BETA

The Church in the 20th Century: Opening decade a splice of old, new

Strides forward characterize Church progress

Life during the first decade of the 20th Century was filled with work and revolved around the Church, remembers Oa Jacobs Cannon. Primary was the childhood highlight of her week.

Sister Cannon, 96, reared in Ogden, Utah, in 1902 to Henry Chariton and Emma Rigby Jacobs, described the first decade of the 20th century as a splice of the old and new: horses and buggies plodding along hard-packed dirt streets while electric and telephone wires hummed overhead. During the period between 1900-1909, many of Ogden's sturdy homes acquired indoor plumbing, and a few wealthy families purchased automobiles.
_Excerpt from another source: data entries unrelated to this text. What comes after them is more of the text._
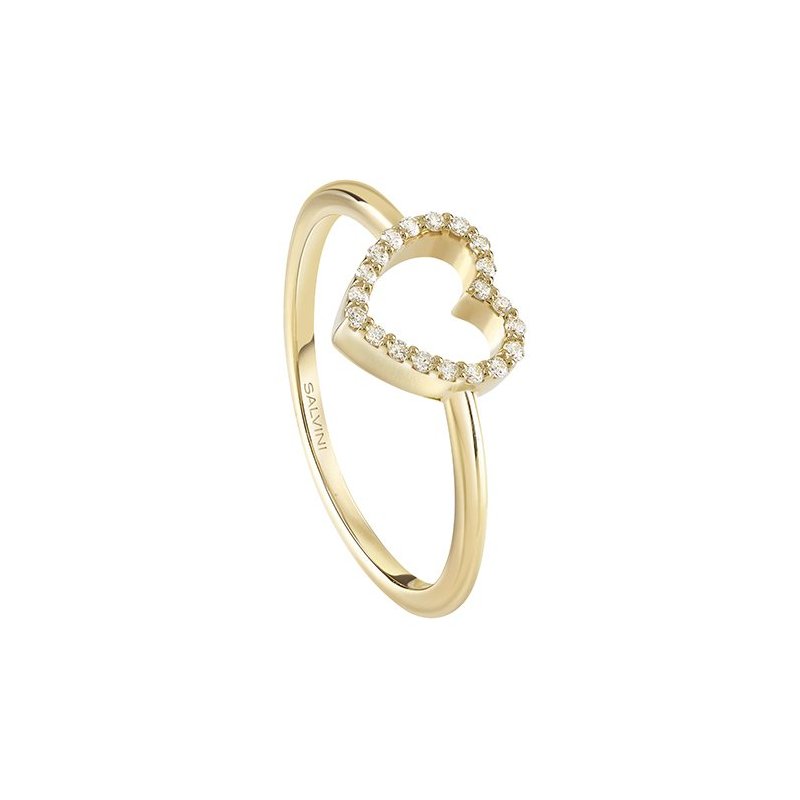 Salvini - Anello Oro Giallo - Diamante Rotondo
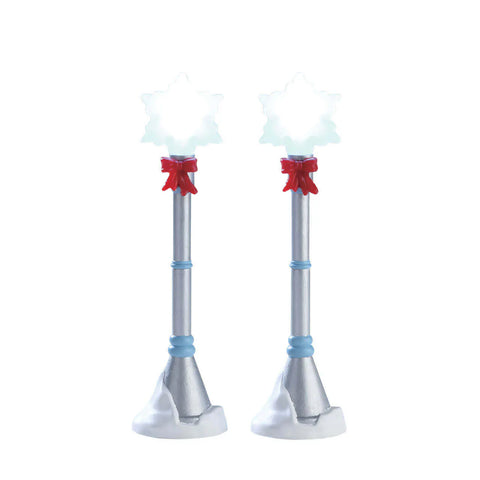 Lemax # 74228 Snowflake Lamp Post. Set Of 2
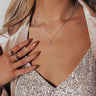 Hard To Forget Layered Necklace In Silver Image - 1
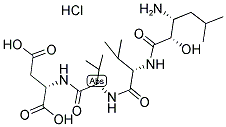 Structure of (2S,3R)-[3-AMINO-2-HYDROXY-5-METHYLHEXANOYL]-VAL-VAL-ASP-OH HCL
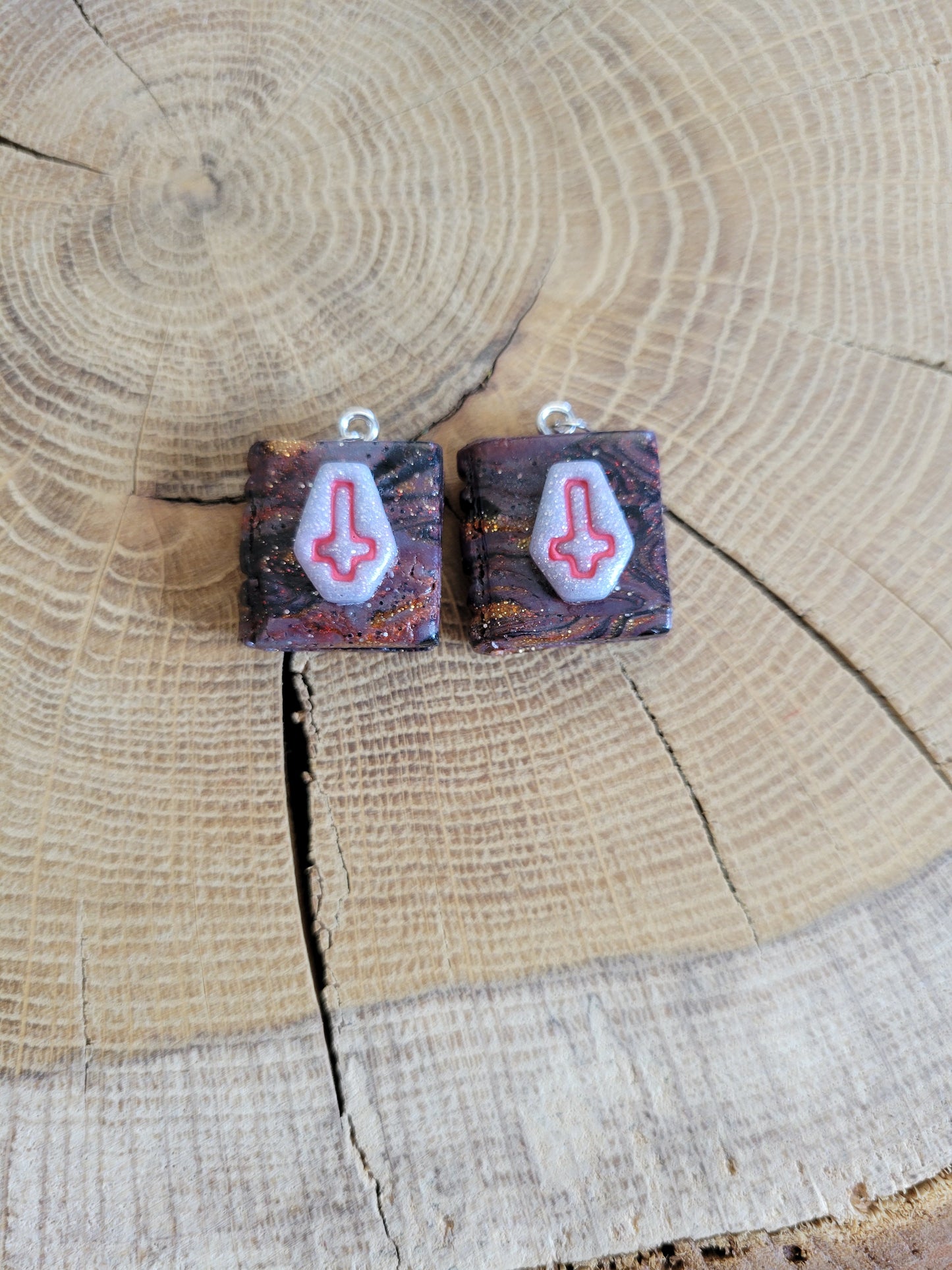 Death Book Earrings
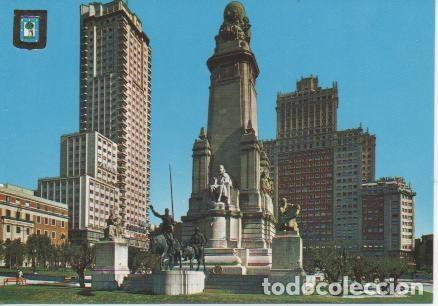 Postkarten: Postal E03650: Plaza de Espa&ntilde;a. Monumento a Cervantes, Madrid - Varios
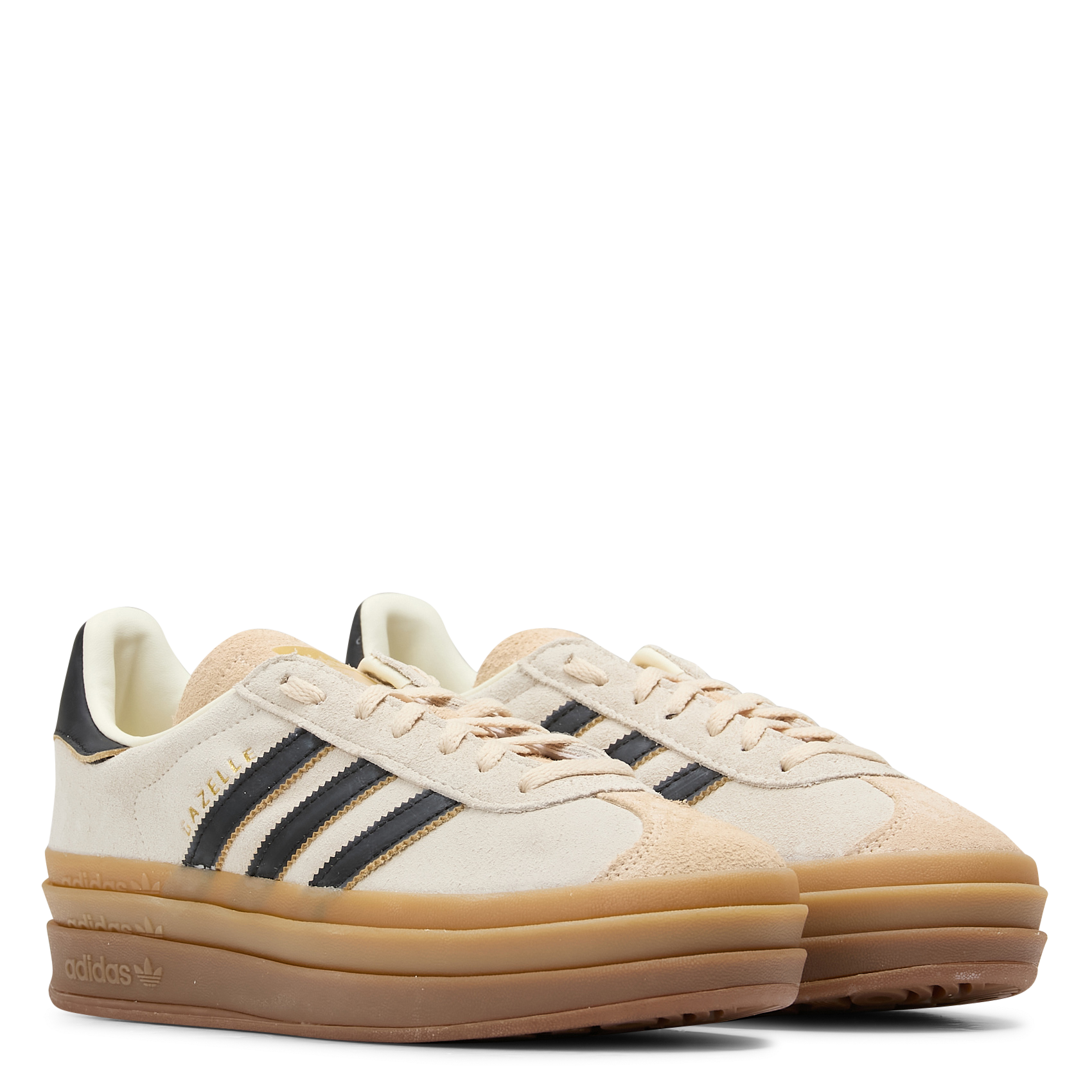 Leather low-top sneakers ADIDAS Beige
Yet the inventions of the previous century — the gasoline engine, telephone, electric light, phonograph, motion picture camera — had not made the deep impact upon society that would soon follow. A telephone hung on the wall of the Jacobs' modest home, but was rarely used because of the expense. Electricity was unreliable and autos were seen mostly in parades.
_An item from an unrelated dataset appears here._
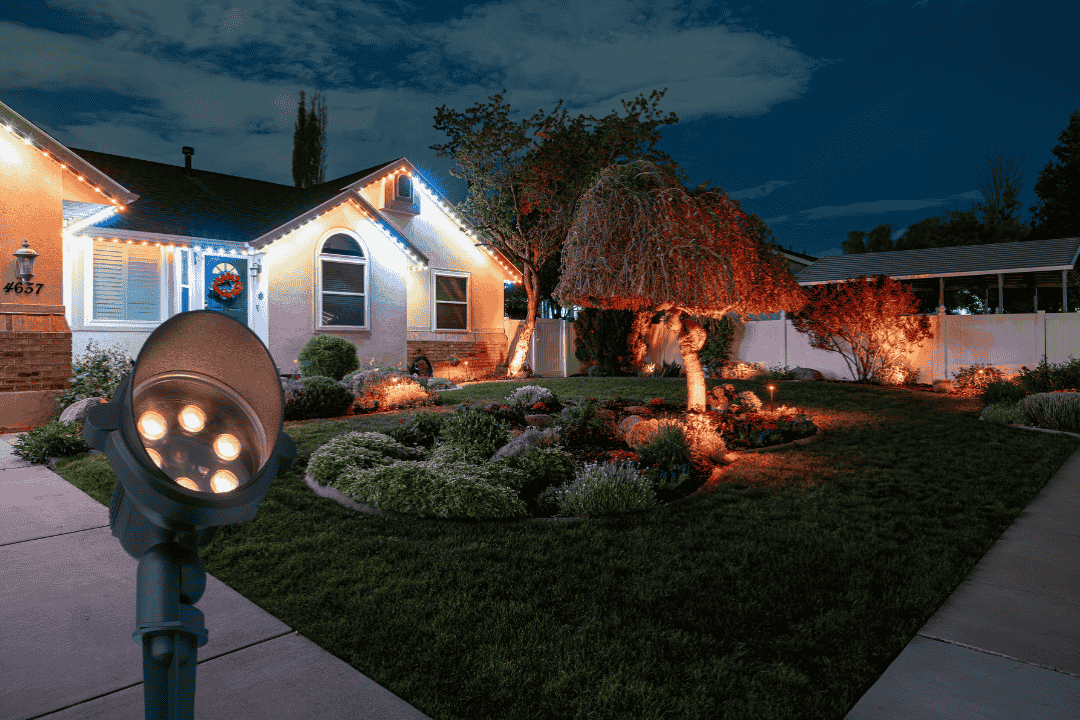 Landscape Lighting in League City, TX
It was a time when the Church, comprised of 271,681 members in 40 stakes, was the social and spiritual center of the community. And sacrament meeting was the center of the Church. The decade ended with 377,279 members in 60 stakes.

"The Church has been my life," said Sister Cannon. She remembers as a small child sitting very still on a large bench while her father, in his 60s, presided as bishop of the Ogden 5th Ward.
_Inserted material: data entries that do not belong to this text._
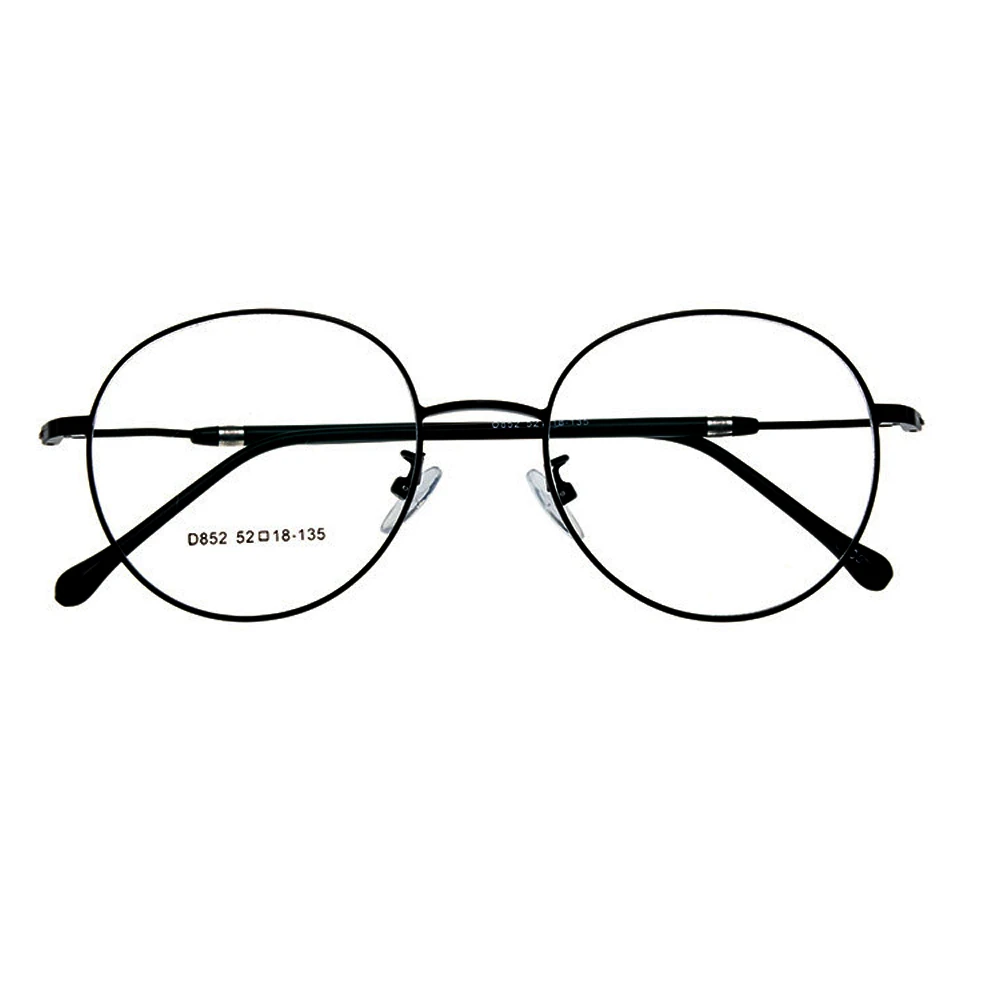 

Fashion Retro Round Titanium Alloy Frame Anti Blu Light Ultralight Reading Glasses Trend for Men Women+1.0 +1.5 +2.0 +2.5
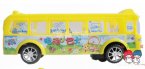 Kids Yellow / Red Plastics Cartoon Design Electric Bus Toy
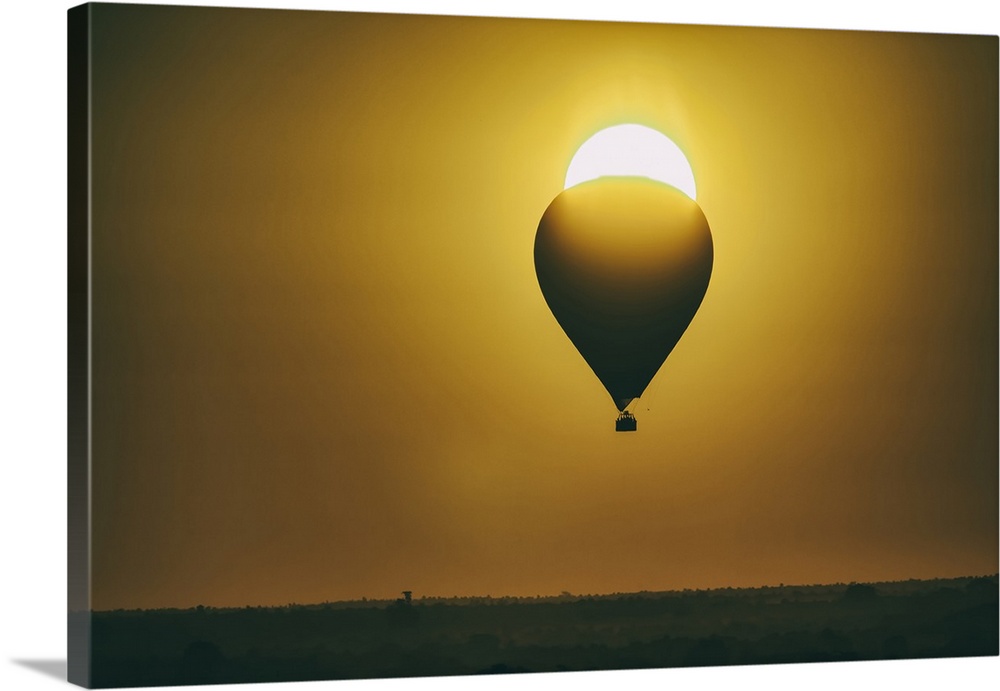 Hot air balloon at sunrise over Bagan, Myanmar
"When my father held a meeting, it was a meeting," she said in a recent interview. "He was very strict, but the people loved him."

During that epoch, music was played as a common cup was passed for sacrament. Following the sacrament, often one speaker would address the congregation for the remainder of the time. In the Ogden 5th Ward, the speaker was frequently a stake patriarch who would be called upon "if father didn't have a speaker by Friday or Saturday," said Sister Cannon.

Despite their young age, she and her sisters "were just thrilled" to sing in the ward choir.

"My sister Mary, who was about 16, was the ward accompanist," remembered Sister Cannon. "On two or three occasions, my father announced the closing of the meeting and Mary was asleep and didn't hear it. He turned and whistled with his fingers in his mouth and woke Mary up. She had to ask, 'What number are we going to sing?' "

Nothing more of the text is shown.